THE TASK: Reproduce the lines below from the one that contains "President of Ukraine" through the end, inclusive, and add nothing.

EXTRACTED MATERIAL:
◆ ◆ ◆ ◆
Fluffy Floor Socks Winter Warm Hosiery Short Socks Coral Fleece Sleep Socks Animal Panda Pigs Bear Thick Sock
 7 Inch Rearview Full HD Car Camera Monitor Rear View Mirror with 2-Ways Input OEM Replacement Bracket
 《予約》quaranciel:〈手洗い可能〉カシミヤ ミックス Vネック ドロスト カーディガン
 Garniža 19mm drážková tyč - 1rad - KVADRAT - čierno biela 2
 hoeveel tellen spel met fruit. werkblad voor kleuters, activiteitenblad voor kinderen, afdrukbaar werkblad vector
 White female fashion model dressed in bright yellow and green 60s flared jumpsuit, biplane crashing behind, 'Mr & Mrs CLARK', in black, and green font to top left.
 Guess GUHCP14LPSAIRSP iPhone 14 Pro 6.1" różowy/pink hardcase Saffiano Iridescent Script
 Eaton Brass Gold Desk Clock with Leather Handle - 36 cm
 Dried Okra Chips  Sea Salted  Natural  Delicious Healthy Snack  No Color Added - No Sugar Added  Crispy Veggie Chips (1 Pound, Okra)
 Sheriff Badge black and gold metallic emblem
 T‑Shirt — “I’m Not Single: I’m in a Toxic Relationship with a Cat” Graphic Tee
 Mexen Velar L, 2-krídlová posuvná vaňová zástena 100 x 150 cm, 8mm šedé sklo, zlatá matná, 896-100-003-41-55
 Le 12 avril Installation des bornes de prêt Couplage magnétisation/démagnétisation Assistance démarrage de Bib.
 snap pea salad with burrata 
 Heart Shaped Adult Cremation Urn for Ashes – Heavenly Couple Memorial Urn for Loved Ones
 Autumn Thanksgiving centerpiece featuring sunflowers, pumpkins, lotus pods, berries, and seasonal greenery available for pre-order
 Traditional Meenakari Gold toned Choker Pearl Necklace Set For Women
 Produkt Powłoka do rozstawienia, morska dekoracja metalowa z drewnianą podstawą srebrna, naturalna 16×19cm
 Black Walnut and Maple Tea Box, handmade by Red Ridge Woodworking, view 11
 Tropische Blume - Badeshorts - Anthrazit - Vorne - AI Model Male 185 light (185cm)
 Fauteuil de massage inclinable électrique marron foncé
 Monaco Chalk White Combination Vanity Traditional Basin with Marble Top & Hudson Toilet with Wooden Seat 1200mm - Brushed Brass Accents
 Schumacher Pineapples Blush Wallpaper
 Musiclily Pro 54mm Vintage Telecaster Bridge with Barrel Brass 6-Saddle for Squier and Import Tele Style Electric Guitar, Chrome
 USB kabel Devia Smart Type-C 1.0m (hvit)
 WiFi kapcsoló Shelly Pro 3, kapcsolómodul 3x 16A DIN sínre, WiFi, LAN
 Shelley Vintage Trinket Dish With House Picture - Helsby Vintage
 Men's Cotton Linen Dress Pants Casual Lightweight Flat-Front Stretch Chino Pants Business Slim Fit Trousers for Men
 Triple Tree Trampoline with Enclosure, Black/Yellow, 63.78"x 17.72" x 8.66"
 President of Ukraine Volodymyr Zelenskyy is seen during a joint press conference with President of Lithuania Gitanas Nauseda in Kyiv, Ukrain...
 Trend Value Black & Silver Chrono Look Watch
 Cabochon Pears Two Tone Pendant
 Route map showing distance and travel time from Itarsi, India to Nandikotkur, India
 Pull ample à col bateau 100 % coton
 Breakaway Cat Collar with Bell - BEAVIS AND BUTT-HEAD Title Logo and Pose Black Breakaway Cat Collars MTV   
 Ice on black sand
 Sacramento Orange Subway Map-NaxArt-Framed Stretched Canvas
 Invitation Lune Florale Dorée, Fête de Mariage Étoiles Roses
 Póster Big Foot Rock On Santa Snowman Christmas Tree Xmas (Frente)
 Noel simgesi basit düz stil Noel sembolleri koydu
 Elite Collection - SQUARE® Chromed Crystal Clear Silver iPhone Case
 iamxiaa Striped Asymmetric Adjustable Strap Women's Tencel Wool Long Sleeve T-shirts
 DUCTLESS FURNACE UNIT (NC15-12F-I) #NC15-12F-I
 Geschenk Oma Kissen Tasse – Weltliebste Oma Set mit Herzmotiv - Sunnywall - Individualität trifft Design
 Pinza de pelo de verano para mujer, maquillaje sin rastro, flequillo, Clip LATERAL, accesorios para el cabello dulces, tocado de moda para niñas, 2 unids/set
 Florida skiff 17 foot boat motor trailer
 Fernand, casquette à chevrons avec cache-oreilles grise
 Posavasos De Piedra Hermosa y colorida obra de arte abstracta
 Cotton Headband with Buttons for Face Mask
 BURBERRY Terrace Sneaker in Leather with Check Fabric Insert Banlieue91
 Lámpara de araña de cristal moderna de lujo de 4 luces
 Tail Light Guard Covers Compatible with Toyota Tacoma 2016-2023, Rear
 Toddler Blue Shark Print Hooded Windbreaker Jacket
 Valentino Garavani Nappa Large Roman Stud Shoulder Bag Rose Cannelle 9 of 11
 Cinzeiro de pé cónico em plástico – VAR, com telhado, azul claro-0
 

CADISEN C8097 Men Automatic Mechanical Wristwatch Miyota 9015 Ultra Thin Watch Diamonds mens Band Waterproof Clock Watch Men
◆ ◆ ◆ ◆
RESPONSE:
 President of Ukraine Volodymyr Zelenskyy is seen during a joint press conference with President of Lithuania Gitanas Nauseda in Kyiv, Ukrain...
 Trend Value Black & Silver Chrono Look Watch
 Cabochon Pears Two Tone Pendant
 Route map showing distance and travel time from Itarsi, India to Nandikotkur, India
 Pull ample à col bateau 100 % coton
 Breakaway Cat Collar with Bell - BEAVIS AND BUTT-HEAD Title Logo and Pose Black Breakaway Cat Collars MTV   
 Ice on black sand
 Sacramento Orange Subway Map-NaxArt-Framed Stretched Canvas
 Invitation Lune Florale Dorée, Fête de Mariage Étoiles Roses
 Póster Big Foot Rock On Santa Snowman Christmas Tree Xmas (Frente)
 Noel simgesi basit düz stil Noel sembolleri koydu
 Elite Collection - SQUARE® Chromed Crystal Clear Silver iPhone Case
 iamxiaa Striped Asymmetric Adjustable Strap Women's Tencel Wool Long Sleeve T-shirts
 DUCTLESS FURNACE UNIT (NC15-12F-I) #NC15-12F-I
 Geschenk Oma Kissen Tasse – Weltliebste Oma Set mit Herzmotiv - Sunnywall - Individualität trifft Design
 Pinza de pelo de verano para mujer, maquillaje sin rastro, flequillo, Clip LATERAL, accesorios para el cabello dulces, tocado de moda para niñas, 2 unids/set
 Florida skiff 17 foot boat motor trailer
 Fernand, casquette à chevrons avec cache-oreilles grise
 Posavasos De Piedra Hermosa y colorida obra de arte abstracta
 Cotton Headband with Buttons for Face Mask
 BURBERRY Terrace Sneaker in Leather with Check Fabric Insert Banlieue91
 Lámpara de araña de cristal moderna de lujo de 4 luces
 Tail Light Guard Covers Compatible with Toyota Tacoma 2016-2023, Rear
 Toddler Blue Shark Print Hooded Windbreaker Jacket
 Valentino Garavani Nappa Large Roman Stud Shoulder Bag Rose Cannelle 9 of 11
 Cinzeiro de pé cónico em plástico – VAR, com telhado, azul claro-0
 

CADISEN C8097 Men Automatic Mechanical Wristwatch Miyota 9015 Ultra Thin Watch Diamonds mens Band Waterproof Clock Watch Men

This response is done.